Thanks for reading the email. Currently I'm working on a new 44-nodes cluster. I guess my question is silly one but since I'm new to linux/mvapich2, your help/comment would be very helpful to me and sincerely appreciated.

Problem situation:

We want to run LAMMPS (a parallel computing software) on the new cluster. The MPI implementation is MVAPICH2-1.8 and batch-queuing system is Oracle Grid Engine (GE) 6.2u5. I've set up a queue and assign 2 compute nodes (compute-0-3 and compute-0-4, each node has 24 processors) to it. Before run LAMMPS, I tested MVAPICH2 and Grid Engine by submitting simple parallel script (free -m, inquire the memory on multiple nodes), it works very well. 
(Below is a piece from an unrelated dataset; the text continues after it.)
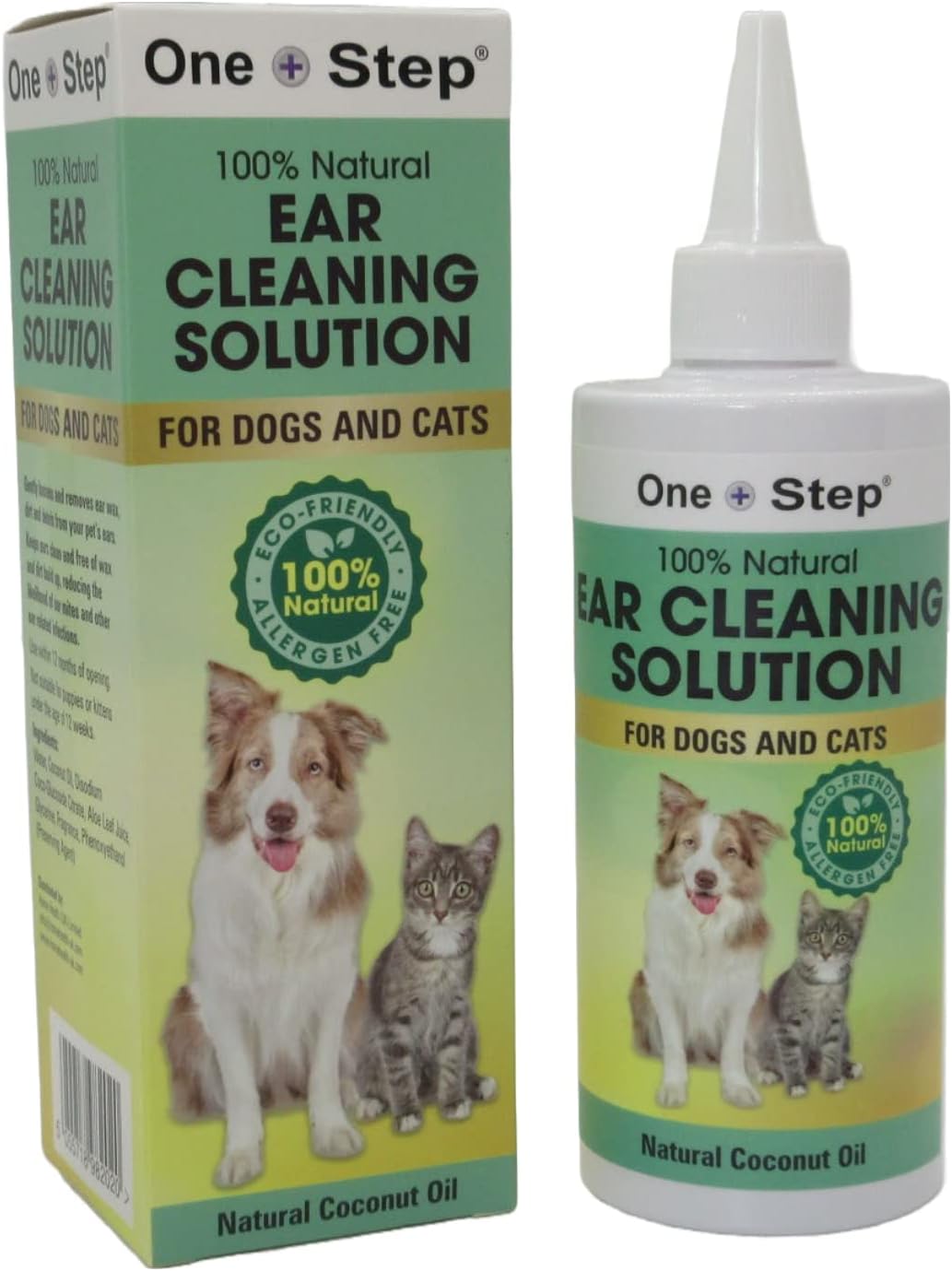 One Step Pet Ear Cleaner for Dogs & Cats 237ml, 100% Natural Cleaning Solution used to Stop Shaking Head, Itchy, Smelly Ears & Wax Removal, Organic Coconut Oil & Aloe Vera Leaf Juice Formula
Then I installed and run LAMMPS as a cluster user. If I run the jobs on multiple processors within a single node, it works very well. However, if I expand the job to two nodes (i.e. I require more than 24 nodes in the parallel submitting scripts), it got stuck and a error message appear as follows:

-------------------------------------------------------------------------------------------------------------------------------------------------------------------------------------------------
[cli_35]: aborting job:
Fatal error in MPI_Init:
Other MPI error
[proxy:0:0 at compute-0-4.local] HYD_pmcd_pmip_control_cmd_cb (./pm/pmiserv/pmip_cb.c:955): assert (!closed) failed
[proxy:0:0 at compute-0-4.local] HYDT_dmxu_poll_wait_for_event (./tools/demux/demux_poll.c:77): callback returned error status
[proxy:0:0 at compute-0-4.local] main (./pm/pmiserv/pmip.c:226): demux engine error waiting for event
[mpiexec at compute-0-4.local] HYDT_bscu_wait_for_completion (./tools/bootstrap/utils/bscu_wait.c:69): one of the processes terminated badly; aborting
[mpiexec at compute-0-4.local] HYDT_bsci_wait_for_completion (./tools/bootstrap/src/bsci_wait.c:23): launcher returned error waiting for completion
[mpiexec at compute-0-4.local] HYD_pmci_wait_for_completion (./pm/pmiserv/pmiserv_pmci.c:191): launcher returned error waiting for completion
[mpiexec at compute-0-4.local] main (./ui/mpich/mpiexec.c:405): process manager error waiting for completion 
-------------------------------------------------------------------------------------------------------------------------------------------------------------------------------------------------

Does anyone has similar experiences before? Your comment/help/suggestions would be really helpful. 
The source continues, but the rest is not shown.